8 Strings

Penguin clean names dataset

penguins_clean_names <- readRDS(url("https://github.com/Philip-Leftwich/Oct-Intro-Analytics/raw/refs/heads/dev/data/penguin_clean_names.RDS"))

8.1 Learning Outcomes

Use stringr functions to tidy and manipulate text data.
Detect and fix inconsistencies in categorical variables.
Apply conditional replacements with case_when() and if_else().
Split, join, and clean up messy strings efficiently.
Understand when and how to use regex patterns for flexible text matching.

8.2 Strings

Strings are sequences of characters that make up spaces, letters, abbreviations, words or sentences. They can be formatted in many different ways in an individual dataset. For example, these are just some possible ways the scientific name of species could be recorded in a dataset:

“Adelie Penguin (Pygoscelis adeliae)”
“adelie penguin (pygoscelis adeliae)”
” Adelie Penguin (Pygoscelis adeliae)”
“Adelie Penguin - Pygoscelis adeliae”

Terms might be capitalised (or not), have accidental spaces at the beginning or end of a word or sentence, contain typos, or include punctuation; all of these things can impact your ability to consolidate and analyse data accurately.

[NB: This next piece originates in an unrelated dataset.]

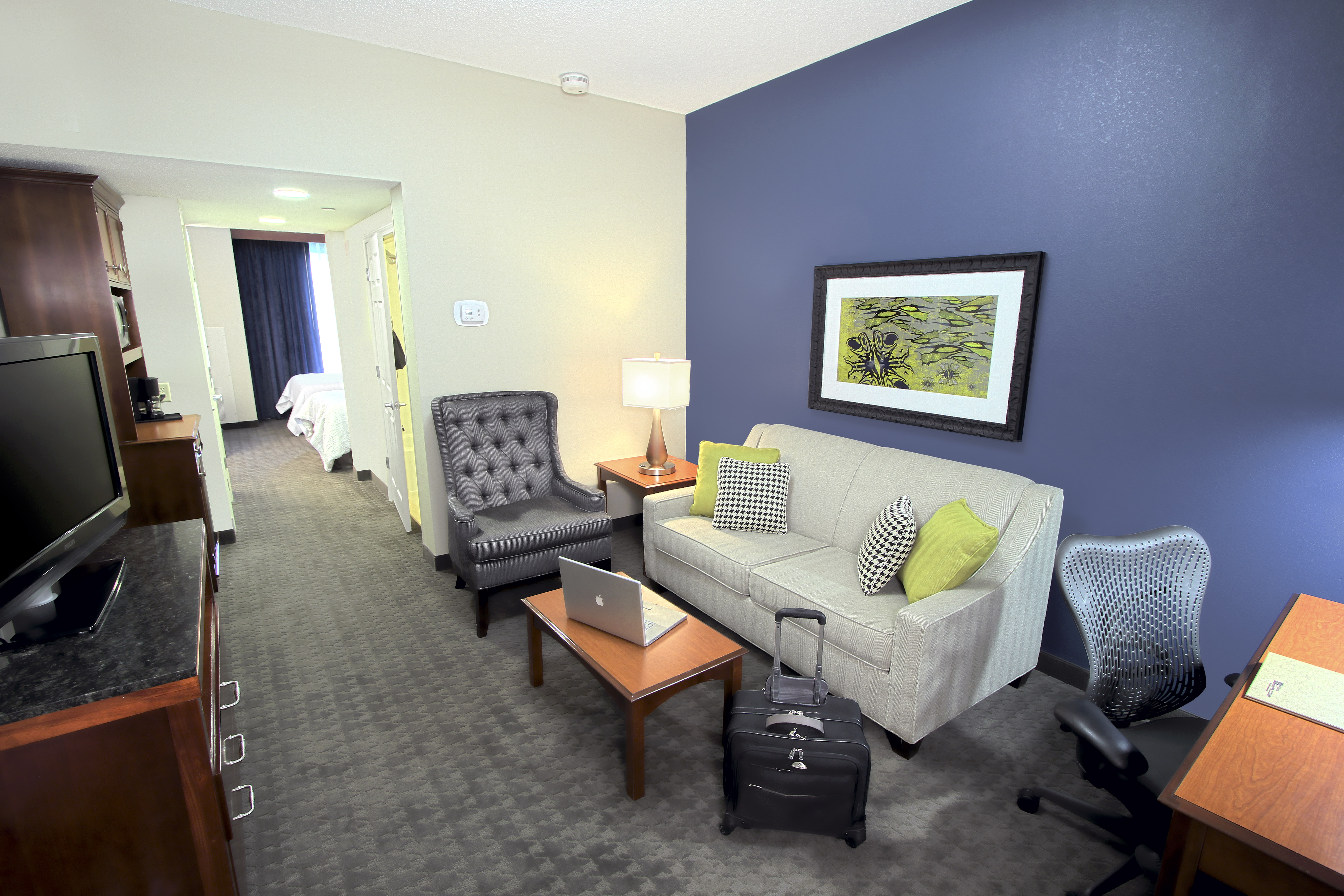 Suite Living Area With Soft Seating, Work Desk, TV, Hospitality Center, and View into Bedroom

8.3 Basic string manipulation

The stringr package provides lots of handy tools for cleaning and manipulating text (or “strings”) in R. Let’s look at some examples using the penguins_clean_names dataset.

Note

You can think of string manipulation as tidying text variables — useful when species names, island names, or other labels contain extra spaces or unwanted characters.

8.3.1 Trim

Trim whitespace on either side of a string.

str_trim(" Adelie Penguin (Pygoscelis adeliae) ")

[1] "Adelie Penguin (Pygoscelis adeliae)"

Or just from one side:

str_trim("  Adelie Penguin (Pygoscelis adeliae)  ", side = "left")

[1] "Adelie Penguin (Pygoscelis adeliae)  "

8.3.2 Squish

Sometimes extra spaces sneak into your data. str_squish() removes leading, trailing, and extra internal whitespace, leaving only single spaces between words.

str_squish("  Adelie    Penguin   (Pygoscelis   adeliae)  ")

[1] "Adelie Penguin (Pygoscelis adeliae)"

8.3.3 Truncate

You can shorten long strings to a specific width — handy when making plots or reports.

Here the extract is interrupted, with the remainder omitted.